Because the machine learning approaches differ–-logistic regression is used for categorical predictions and linear regression is used for continuous value prediction–the methods of evaluating the effectiveness of the model differ. In the tutorial outlined in the previous section, the focus was logistic regression and categorical values. In this section, we'll look at Evaluation and Prediction steps specifically for linear regression models.
The evaluation metrics for models with Target Type
of Numerical (linear regression models) are found in the group Metrics for Models with Numerical Targets.
Numerical Target Evaluation Metric | Description |
---|---|
Explained Variance | The portion of the model’s total variance that is explained by factors that are actually present and isn’t due to error variance. Higher percentages of explained variance indicate better predictions. |
Mean Absolute Error | The mean absolute error (MAE) is the average absolute difference between the target values and the predicted values. Not preferred in cases where outliers are prominent. This metric ranges from zero to infinity; a lower value indicates a higher quality model. |
Mean Squared Error | The average of the squared differences between the target values and the predicted values. Commonly used as it penalizes large errors. This metric ranges from zero to infinity; a lower value indicates a higher quality model. |
Mean Squared Log Error | Similar to mean squared error, except that it uses the natural logarithm of the predicted and actual values plus 1. This metric penalizes under-prediction more heavily than over-prediction.

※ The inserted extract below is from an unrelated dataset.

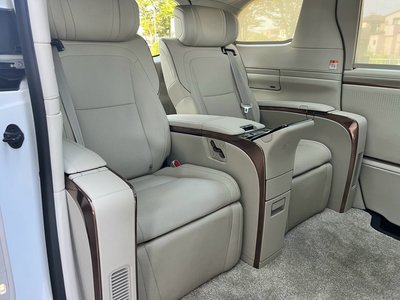 صورة 44 لـ 2024 Lexus LM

It can also be a good metric when you don't want to penalize differences for large prediction values more heavily than for small prediction values. This metric ranges from zero to infinity; a lower value indicates a higher quality model. The metric is returned only if all labels and predicted values are non-negative. |
Median Absolute Error | The median of the absolute difference between the target value and the value predicted by the model. Is insensitive to outliers. This metric ranges from zero to infinity; a lower value indicates a higher quality model. |
R Squared | R squared (r^2) or Coefficient of Determination represents the part of the variance of the target variable explained by the feature variables of the model. This metric ranges between zero and one; a higher value indicates a higher quality model. |
The more common evaluation metrics used to determine how good a model performs are Mean Squared Error
and R Squared
. For regression models created by this block the optimization objective is to minimize the Mean Squared Error
and a lower value indicates a better performing model . R Squared
indicates goodness of fit so values close to 1 indicate smaller differences between the known values and predicted values.
A regression model produces a predicted value for each observation in the input data set which is shown with the Numeric Prediction
dimension. You can also compute aggregated measures for the prediction using Total Prediction
and Average Prediction
found in the Measures for Numeric Predictions group.
Note, AutoML Explores can be customized to include additional model types, options and parameters. If you would like to use a different machine learning model type or control other model parameters like modeling objective, training/validation sets, or target probability thresholds, contact your Looker Developer or Looker Professional Services to customize an Explore to meet your needs.